Pictures aside, every line of the listing should be given again exactly.

------------------------------------------------

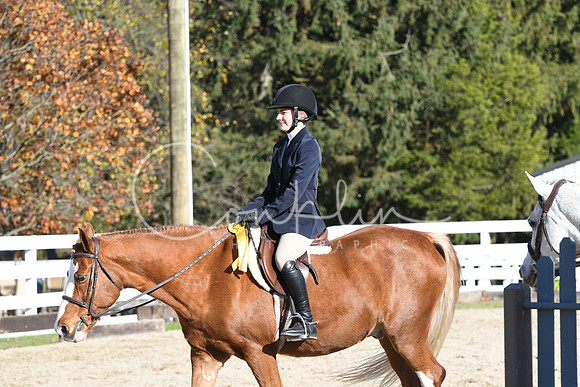 HSM_2793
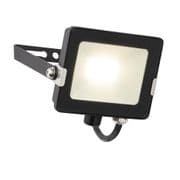 20w Slimline LED Floodlight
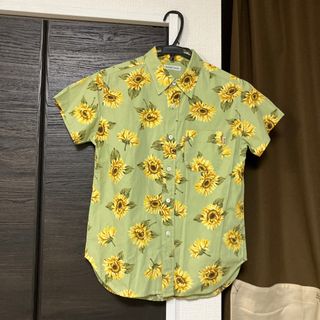 ピンクハウス シャツ/ブラウス(レディース/半袖)の通販 1,000点以上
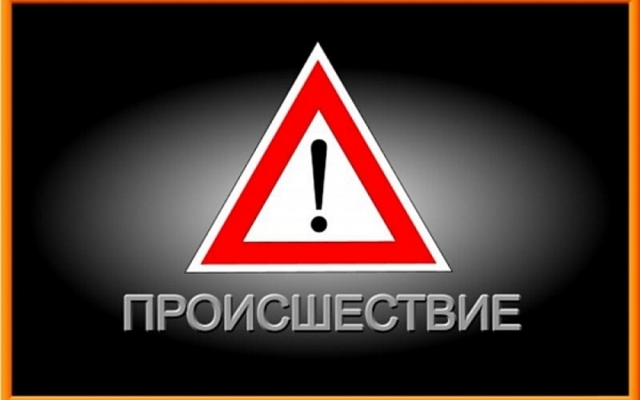 Масштабное ДТП на Бородинском Фото № 0 Масштабное ДТП на Бородинском Фото № 0
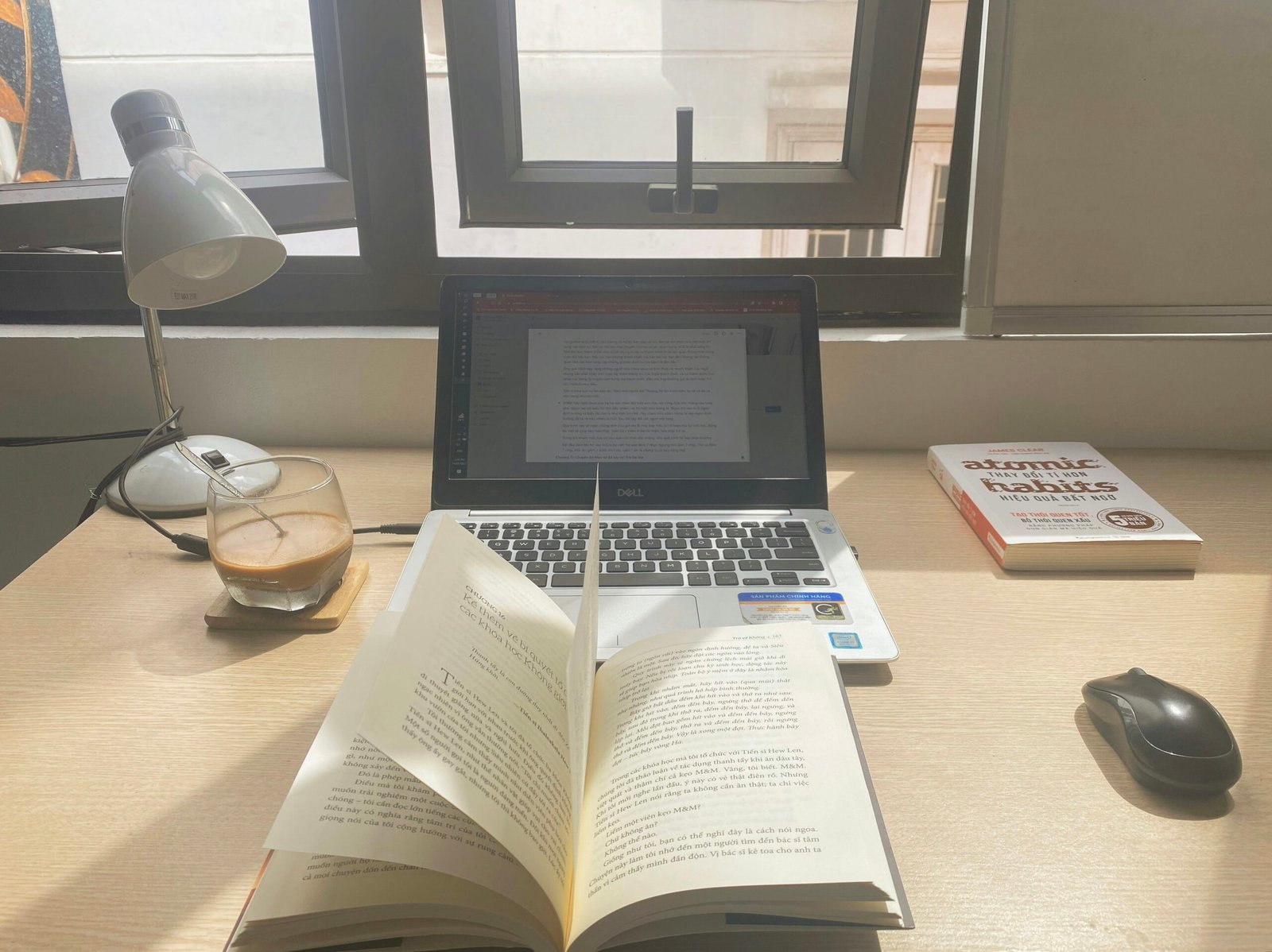 11 Habits to Boost Your Productivity, Success, and Confidence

------------------------------------------------

* TASK ANSWER:
 HSM_2793
 20w Slimline LED Floodlight
 ピンクハウス シャツ/ブラウス(レディース/半袖)の通販 1,000点以上
 Масштабное ДТП на Бородинском Фото № 0 Масштабное ДТП на Бородинском Фото № 0
 11 Habits to Boost Your Productivity, Success, and Confidence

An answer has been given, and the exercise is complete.